Of course, one of my favorite things about bird hunting any species is that just when you think you have them figured out, that's when they end up tricking you. We had walked an area along a creek, where Porter was picking up enough scent that it almost it difficult for him to pinpoint and locate a bird between a pile of brush, and the edge of the creek. Pacing back and fourth, the bird finally flew across the creek in the opposite direction of where we had set up to take a shot at it. Once it had passed through the treeline along the creek, we lost sight of it quickly, and Porter seemed as frustrated by the missed opportunity as we did. A young dog with lots of energy and enthusiasm, he probably put in twenty times the mileage running circles full steam ahead until he picked up a scent for us, but never showed any signs of letting up.

While walking around, we all took a short stop to snack on some apples from a tree in the field that was mainly there as a food source for deer. "These apples are delicious, man these deer are spoiled!" said Kevin.

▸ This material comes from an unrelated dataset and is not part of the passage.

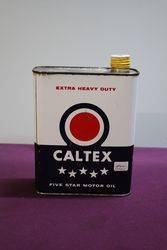 Caltex Five Star 2 Liters HD  Heavy Duty Oil Tin httpxxxxantiquesnet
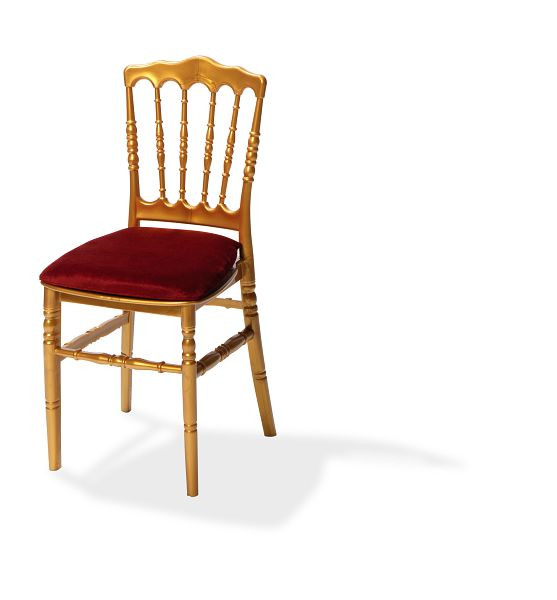 Cojín de asiento VEBA de terciopelo burdeos para silla Napoleon/Tiffany, 38,5x40x2,5cm (AnxPrxAl), 50400CBR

It wasn't long before Kevin was leaned over heaving again, making applesauce. In spite of not being able to keep anything down, he hung in there for the hunt. Walking nearly the length of the ranch, we doubled back towards the area where we began, and Troy spotted another bird running in the open near some of the ponds in the distance. We approached the ponds and spread out, pushing the bird towards the water. Porter went on point right near the edge of the water, and Kevin put just enough shot in the bird to let it cross the pond, where Porter finished the deed.

Part of my learning experience was comparing my knowledge of turkey behavior in relevance to water acting as a boundary for ground movement. With a well executed shot from a hunter that was struggling to feel a hundred percent, we decided it was picture time and maybe if we got home a little early, Troy could get in an evening deer hunt. But as we were snapping away, Troy picked up on the sound of a rooster not far away. After Porter posed for a few pictures with us, he went right back to work, and surprisingly enough pointed on the bird less than 50 feet from where we had stopped to take some snapshots. When the bird flew, Kevin and I shot simultaneously, and a cloud rained feathers from the sky for what seemed like several minutes, leaving feathers littered on the ground like confetti from a pheasant pinata. The well placed and well timed shots that Kevin and I shared seemed as sobering and energizing as a cup of coffee. Adding to our renewed enthusiasm, Troy heard another rooster in the distance, and agreeing there was no sense in leaving until we found it, we gave chase in it's direction.

This time, Porter caught scent in some thick brush in a ditch we had walked over, and we set up on both sides of it, ready for anything and not leaving any lane for it to escape. The bird flew up perfectly into my lane, and I swear I missed the first shot just because the beauty of it's colors in flight struck me with awe. Then I quickly gathered myself for a second shot that knocked it down. I was grateful for it being such a well intact bird, and started daydreaming of using it's hackle to tie flies and catch redband trout as we trekked back to the truck to give Porter his bacon rewards for putting us on birds all afternoon.